Investigating a hunting-related shooting incident can be as difficult as finding a needle in a haystack.
The wildlife officers from 16 states will participate in 40-hour specialized hunting-related shooting incident investigation training, Van Durme said.
“The academy, the only one of its kind, provides skills, knowledge, techniques and confidence to state and federal wildlife officers in the investigation of hunting-related incidents,” he said.
Officials said the IHEA is keenly interested in the proper collection, documentation, and analysis of this important data.
“Wildlife law enforcement officers who are already experts in investigations in outdoor landscapes will improve their investigative techniques,” Van Durme added.
“The academy is designed to train commissioned wildlife officers on how to properly investigate and document hunting related shooting incidents,” said Lt. Tim Coleman, West Virginia training officer for the WVDNR. “State Hunter Education administrators then review and analyze the collected data. What they learn is applied to classroom and media outreach efforts to aid in the prevention of hunting incidents.”
Lt. Coleman is the “point man” for the academy, promoting this specialized training and bringing it to West Virginia. Also supporting the training are WVDNR Director Frank Jezioro and Col. David Murphy, Chief of the DNR Law Enforcement Section.
“Having the academy at Chief Logan State Park will provide both inside and outside classrooms needed to present this intensive curriculum,” Coleman said. “Other states that have requested to host the academy in the future include Alaska, New Mexico, Colorado, Pennsylvania and Alabama.”
Attendees of hunting incident investigation, like Sgt. Terry Ballard of the WVDNR Law Enforcement Division in the Logan County area, say the training is vital.
“We have learned to collect detailed information that has resulted in a significant reduction in the number of fatalities and injuries from hunting-related shooting incidents,” he said.
Based on evaluations collected at the conclusion of each course, many officers stated that this was the best training they have received throughout their career.
Nathan Erdman, a game warden in Oklahoma who came to Logan County for the training, said the training is something every outdoors official and investigator could benefit from taking.

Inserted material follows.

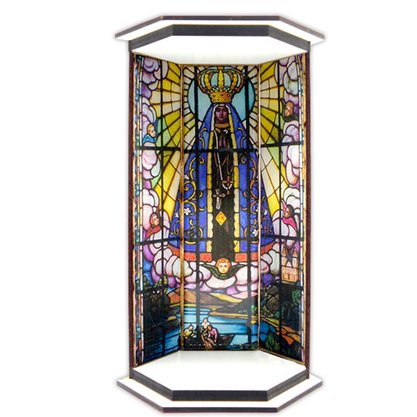 Oratório em MDF Vitral Nossa Senhora Aparecida 16cm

“I have learned so much, which I will take back to my home state,” he said.
Officials added that a national clearinghouse database has been created to store data collected from each IHEA member jurisdiction. Standardized reporting forms have been developed so that complete and uniform data can be analyzed. The IHEA has also adopted a standardized definition of a hunting-related shooting incident.
Requests and response from conservation agencies across the country have been overwhelming and the academy continues to grow its list of graduates that now reach nearly 800 wildlife officers, Van Durme said.
“Many of these graduates have gone back to their agencies and provided localized training, sharing knowledge and techniques necessary to conduct factual and impartial investigations,” he said.
“The goal here is to train investigators to properly collect and document the facts of hunting-related shooting incidents and to ensuring proper methodology and techniques are utilized for the purpose of research and curriculum focuses on hunting incident prevention,” Van Durme said.